Sedici minuti di discorso, a tarda sera, davanti a un’aula semivuota. Giorgia Meloni ha scelto la vetrina dell’Assemblea generale delle Nazioni Unite per lanciare il suo atto d’accusa contro la Russia, dimenticandosi di utilizzare lo stesso metro con il presidente Donald Trump e le sue bordate gratuite contro l’Europa (della quale anche l’Italia fa parte), descritta dall’americano come un fardello economico per Washington.

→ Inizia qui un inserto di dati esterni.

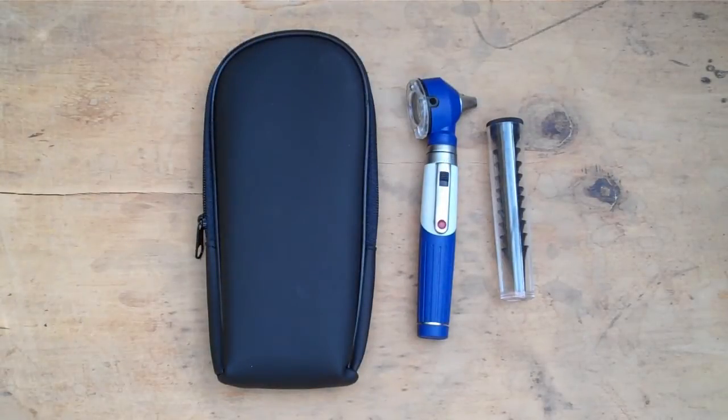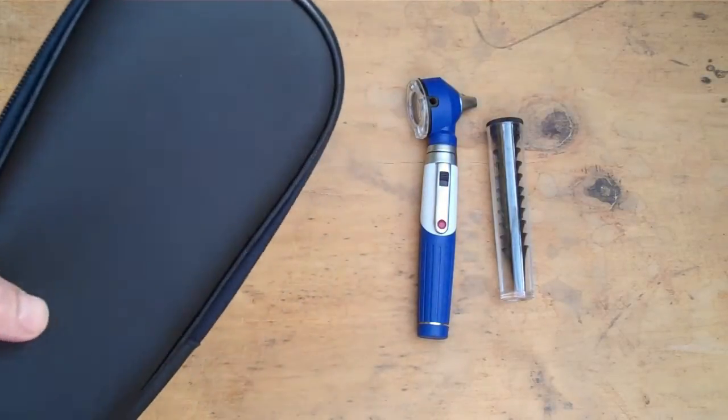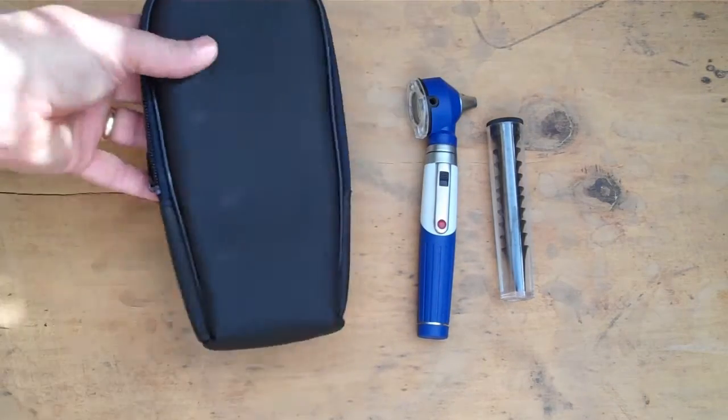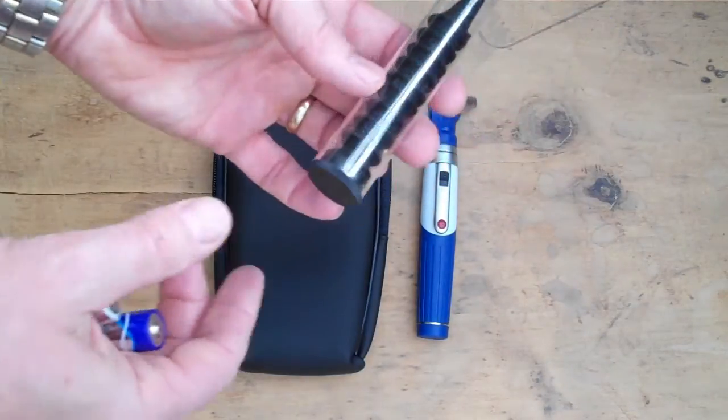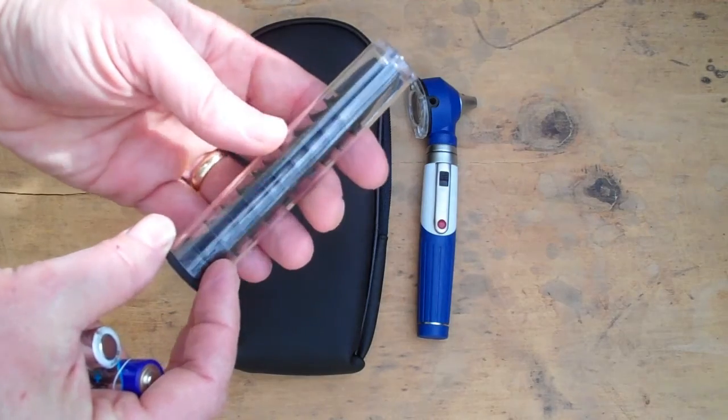This is a video presentation of the Valumed mini pocket medical diagnostic otoscope. When you order this online it is sent to you in a plain white carton. The actual otoscope is packed in a soft pouch with a zip and internal pocket system.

La premier ha puntato subito il dito contro Mosca, accusandola di aver “calpestato l’articolo 2 della Carta dell’Onu” e inflitto “una ferita profonda al diritto internazionale” con l’invasione dell’Ucraina. Parole dure, certo, che ricalcano la linea atlantista già nota a Roma.
Non meno severo l’affondo contro Israele, accusato di aver “superato il limite del principio di proporzionalità” nella risposta agli attacchi di Hamas e di aver causato “una strage tra i civili”. Nel contempo, diversamente da quanto fatto da altri Paesi civili, l’Italia continua ad avere difficoltà a riconoscere lo Stato palestinese.

Il resto del discorso è stato un mosaico di temi noti: dall’inefficacia dell’Onu nella gestione dei conflitti al richiamo alle “persecuzioni dei cristiani”, fino all’attacco alle “anacronistiche” convenzioni su migrazione e asilo e alla denuncia dei “piani verdi” che, a suo dire, “stanno portando alla deindustrializzazione molto prima che alla decarbonizzazione”.
Colpisce, però, la doppia misura: inflessibile con Mosca e silenziosa con Trump. Un’uscita che in altri tempi avrebbe scatenato vibranti repliche da parte dei leader europei, ma che la premier italiana ha preferito ignorare.
In conclusione, Meloni ha citato San Francesco parlando di “coraggio esemplare”. Ma alla prova dei fatti, il coraggio della premier sembra a senso unico: puntare il dito contro Mosca è più facile che mettere in discussione un alleato ingombrante come Trump.

Nel frattempo, la premier non ha mancato, nel corso della sua visita all’ONU, di dare udienza al terrorista (oggi numero uno del Governo siriano), al-Jolani.